Like John, a number of people are providing startup and early stage capital to companies, including those owned by minorities. Take tennis champion Serena Williams, who invested in the mobile and video sharing app Mobli. And actor Wendell Pierce has invested in a chain of convenience stores, Sterling Express, and a grocery store called Sterling Farms.

Having a business idea or product that resonates with a potential investor is key to raising capital, says John, who has created a namesake three-day program, the Daymond John Academy, to help entrepreneurs from those just starting out to the experienced. “People come to guys like us because we do not impose the restrictions or the number of requests that the banks and the financial institutions do,” he says. “We do risk investments. Ten percent of our capital ends up creating a return, and the return is greater than all the risks taken.”

An angel is an affluent person who invests his or her own money in a business startup, usually in exchange for convertible debt or ownership equity. In the U.S. there are currently about 7.2 million accredited investors, or individuals who earn $200,000 or more each year or whose net worth (not including their home) exceeds $1 million. Deals can range from $150,000 to $1 million, but the average angel investment in the first half of 2013 was $337,850.


For entrepreneurs seeking accredited investors Blackenterprise.com identified 20 angels you should know about.

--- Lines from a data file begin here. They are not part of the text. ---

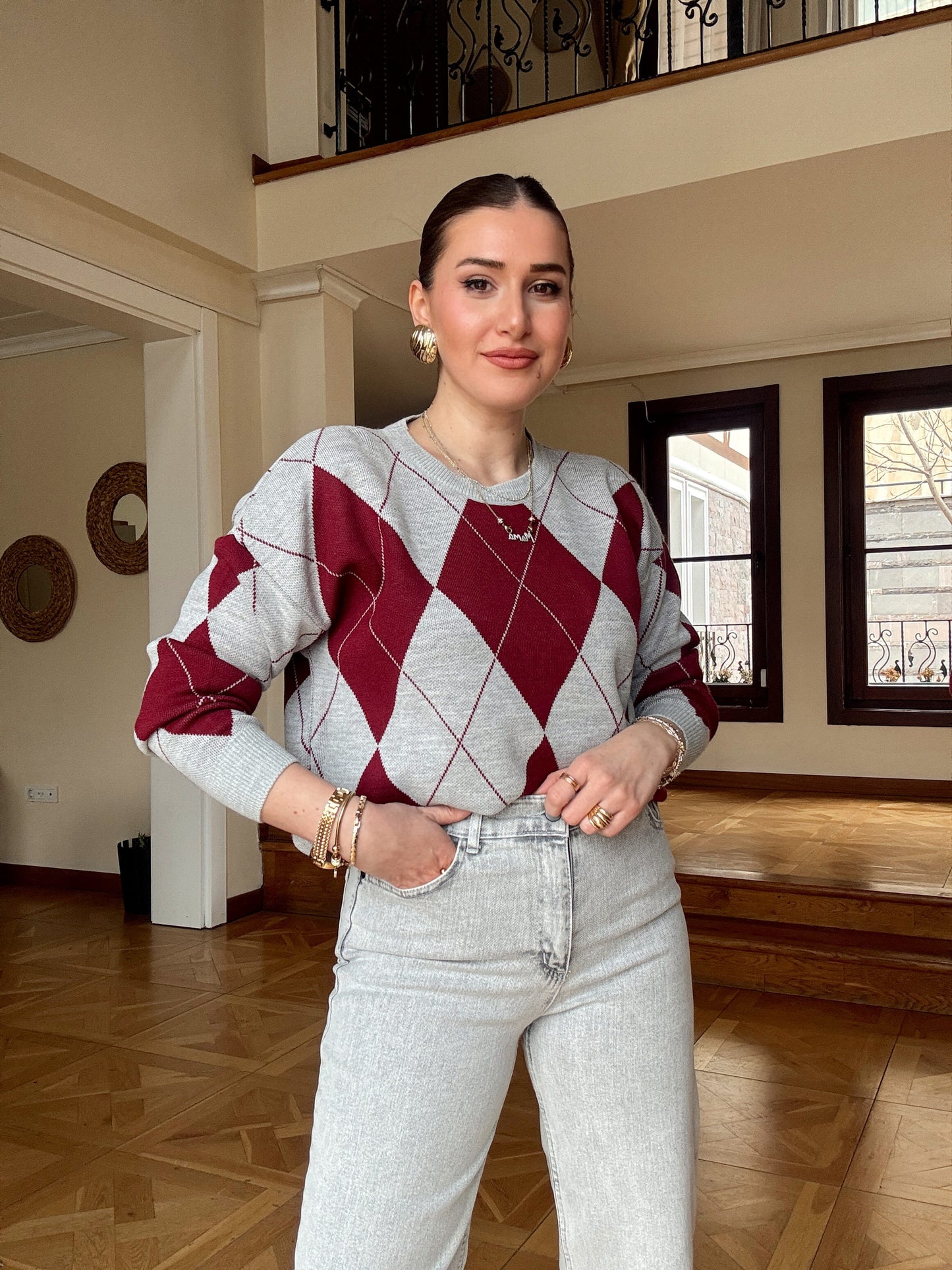 Pike Örgü Baklava Desenli Kazak Gri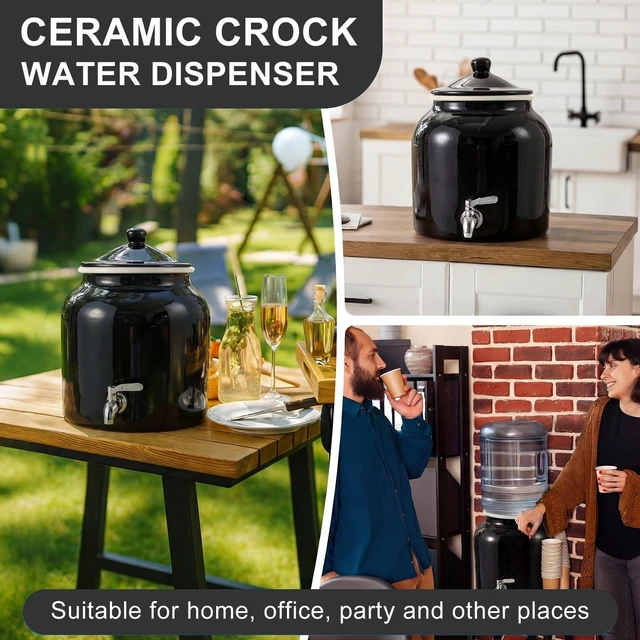 Alt view image 5 of 6 - Ceramic Crock Water Dispenser, Regular Style, Black, 1 Set Fits 3 to 5 Gallon Jug, Metal Spigot Tap, Decorative Design, Ideal for Home Kitchen Office Party Beverage Serving Station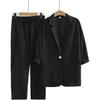 A Loose, Fashionable and Casual Linen Suit Jacket and Trousers Set for Women In Autumn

  1. Troy Carter, Founder, Chairman & CEO, Atom Factor
  2. Simone Castillo, Office of the Vice Chair, Tax, KPMG
  3. Ken Coleman, Special Adviser, Andreessen Horowitz
  4. William Crowder, Partner, DreamIt Ventures
  5. Stephen DeBerry, Founder & Chief Investment Officer, Bronze Investments
  6. Erica Duignan Minnihan, Managing Partner, DreamIt Ventures
  7. Jon Gosier, Founder, D8A Group, UpStream Analytics, and adviser at SiftDeck
  8. Michael Howard, Founder and Managing Member, MJH Group
  9. Charles Hudson, Partner, SoftTech VC
  10. Daymond John, Founder, FUBU; CEO, Shark Branding
  11. Paul Judge, Chief Research Officer and VP, Barracuda Networks
  12. Lauren Maillian Bias, Founder and CEO, Luxury Market Branding
  13. Erik Moore, Founder and Managing Partner, Base Ventures
  14. Valerie Mosley, Chairwoman, Valmo Ventures
  15. Ati Okelo Williams, Founder, DC Home Buzz
  16. Eghosa Omoigui, Managing Partner, EchoVC Partners
  17. Lorine Pendleton, U.S. Director of Business Development, Dentons
  18. Tim Reese, Co-founder, Minority Angel Investors Network
  19. Rodney Sampson, Founder, Opportunity Up
  20. Adaora Udoji, Founder, The Boshia Group

“Angel investing is important to the entrepreneurial and investment ecosystem, particularly as it relates to job creation, disrupting poverty and closing the wealth gap in America,” says Rodney Sampson, angel investor and executive in charge of diversity and inclusion for “Shark Tank” and One Three Media (A Hearst/Mark Burnett Production JV). Sampson encourages black accredited investors to become angels and to learn how to invest or co-invest (via seed and venture funds). He recently created blackangels.US as an extension of his Opportunity.UP: Unleashing Private Equity conference program.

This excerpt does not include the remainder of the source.